I fratelli Dardenne si sperimentano sul terreno della detection tanto che inizialmente avevano pensato di avere come protagonista un poliziotto. Abbandonando l'idea hanno ampliato notevolmente il campo di indagine soprattutto sul personaggio, a partire dal titolo. Perché se la dottoressa cerca di scoprire chi sia la ragazza sconosciuta, quasi dovesse risarcirla, offrendole un'identità, per quella porta non aperta, anche lo spettatore si trova davanti a una persona sconosciuta. Di Jenny non conosciamo nulla se non quello che vediamo, non ci viene fornito il benché minimo elemento che ci consenta di conoscere qualcosa del suo passato o del suo privato al di là di quanto attiene alla sua professione e alla sua ricerca.

Eppure, proprio per questo, troviamo in lei quasi una sintesi di tanti personaggi dardenniani. A partire dal lontano La promesse, con il bisogno di risarcire una morte, fino alla generosità gratuita della parrucchiera di Il ragazzo con la bicicletta. Se il film ha un difetto è quello di seguire un po' lo schema a tappe recentemente proposto con Due giorni, una notte. Ma si tratta di un peccato veniale facilmente superato dallo sguardo laicamente partecipe che i fratelli belgi riservano a una società in cui l'individuo è sempre più solo dinanzi alle proprie aporie esistenziali. Jenny ha scelto di essere colei che offre aiuto al prossimo sul piano più delicato, quello della salute. Ma è anche colei che pretende, da chi potrebbe diventare un collega, il distacco, indispensabile a suo avviso per esercitare la professione di medico. Quel distacco che invece non riesce a interporre tra sé e quel corpo abbandonato senza nome nell'esercitare la decisamente più complessa professione di essere umano.
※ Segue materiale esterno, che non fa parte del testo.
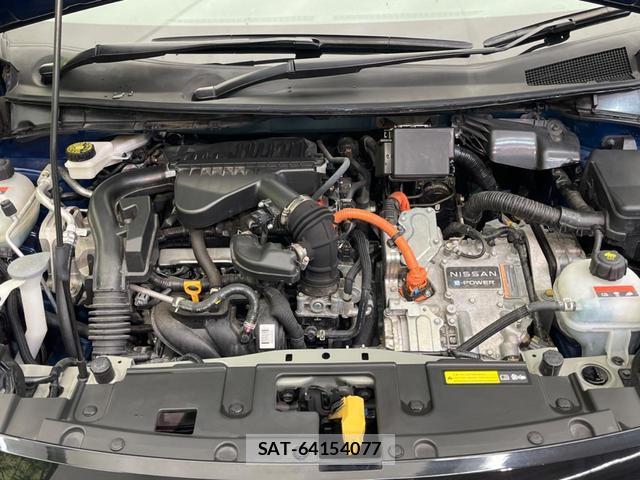 Nissan NOTE 2021-08 7914428-17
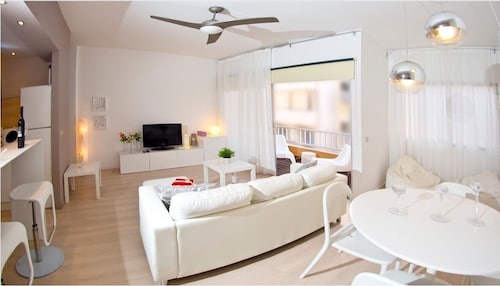 Central apartment (Vv) 80m from Médano beach, WiFi, ideal teleworking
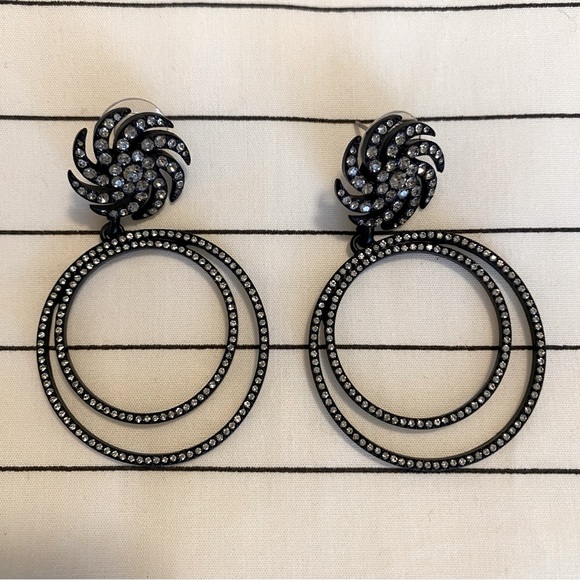 BaubleBar Hoop Earrings - Picture 1 of 2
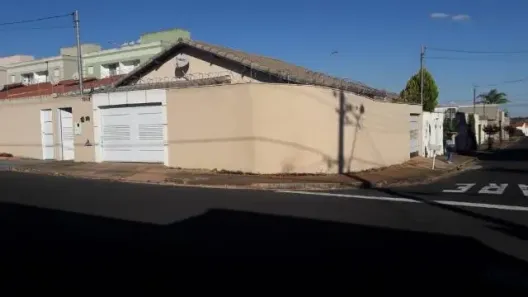 Casa com 3 Quartos à venda, 95m² no Jardim Holanda, Uberlândia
Come in Still Life di Uberto Pasolini siamo dinanzi a una ricerca di identità per un corpo che non trova nessuno che sia disposto a offrirgliene una e che, come afferma la dottoressa, "non è morto se continua ad agire nel nostro pensiero". Il farsi coinvolgere comporta sacrifici e rischi ai quali però i personaggi/persone dardenniani non si sottraggono perché plasmati sul reale e sulla straordinarietà del quotidiano. Un quotidiano in cui anche il regalo di un panettone diventa piccolo ma significativo segno di riconoscenza per l'assistenza ricevuta da chi sa dare al di là del dovere.